Mick Jagger in Donald Cammell and Nicolas Roeg’s Performance (1970)

Just before Karlovy Vary opens tomorrow and runs through next week, Martin Kudláč talks with artistic director Karel Och for Cineuropa about the legacy of the festival’s late president Jiří Bartoška and a few tweaks to the programming committee. “I’m curious as to whether our audience will pick up on a slight shift in taste this year,” says Och. “We have given a bit more space to films that are more provocative, both in form and in subject.”

As an example, Och offers Greek director and musician Alexandros Voulgaris’s They Come Out of Margo, premiering in the Proxima competition.
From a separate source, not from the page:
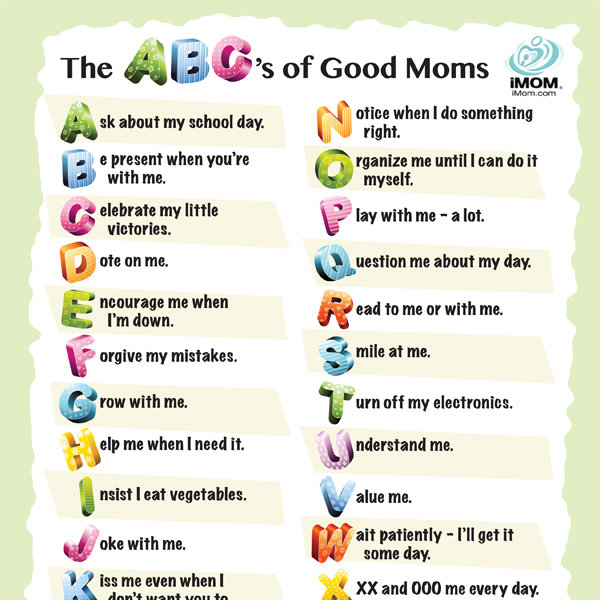 Abcs Of Good Moms Imom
When a reclusive songwriter is invited to a party to celebrate her fortieth birthday, the film reveals “various influences, including animation techniques reminiscent of Jan Švankmajer,” says Och. “It’s a vivid, unpredictable audiovisual cocktail—exactly the type of work we aim to champion in Proxima.”

The festival delayed announcing that Bidad, the story of a young singer who refuses to accept the fact that women in Iran are not allowed to perform in public, would premiere in its main competition for the Crystal Globe until director Soheil Beiraghi and is crew were safely out of Iran. According to Jafar Panahi, Beiraghi has now been sentenced by the regime, presumably in abstentia, to four years and three months in prison.

Locarno (August 6 through 16) has announced a lineup for its Pardi di Domani program featuring new short and midlength works by such filmmakers as Neo Sora and Radu Muntean. Edinburgh (August 14 through 20) has unveiled a lineup of forty-three features and conversations with Kevin Macdonald, Nia Da Costa, and Ben Wheatley, whose Bulk will see its world premiere as the opening night film of the Midnight Madness program.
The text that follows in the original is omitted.